Nagios v3.5.0 transitioning immediately to a HARD state upon host problem
C. Bensend
benny at bennyvision.com
Thu May 23 17:43:49 CEST 2013
Hey folks,
I recently made two major changes to my Nagios environment:
1) I upgraded to v3.5.0.
2) I moved from a single server to two pollers sending passive
results to one central console server.
Now, this new distributed system was in place for several months
while I tested, and it worked fine. HOWEVER, since this was running
in parallel with my production system, notifications were disabled.

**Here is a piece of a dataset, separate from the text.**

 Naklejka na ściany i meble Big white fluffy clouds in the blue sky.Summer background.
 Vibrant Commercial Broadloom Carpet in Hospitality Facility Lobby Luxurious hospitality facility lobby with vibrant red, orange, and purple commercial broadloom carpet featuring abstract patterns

Hence, I didn't see this problem until I cut over for real and
enabled notifications.
(please excuse any cut-n-paste ugliness, had to send this info from
my work account via Outlook and then try to cleanse and reformat
via Squirrelmail)
As a test and to capture information, I reboot 'hostname'. This
log is from the nagios-console host, which is the host that accepts
the passive check results and sends notifications. Here is the
console host receiving a service check failure when the host is
restarting:
May 22 15:57:10 nagios-console nagios: SERVICE ALERT: hostname;/var disk
queue;CRITICAL;SOFT;1;Connection refused by host
So, the distributed poller system checks the host and sends its
results to the console server:
May 22 15:57:30 nagios-console nagios: HOST
ALERT:hostname;DOWN;SOFT;1;CRITICAL - Host Unreachable (a.b.c.d)
And then the centralized server IMMEDIATELY goes into a hard state,
which triggers a notification:
May 22 15:57:30 nagios-console nagios: HOST ALERT:
hostname;DOWN;HARD;1;CRITICAL - Host Unreachable (a.b.c.d)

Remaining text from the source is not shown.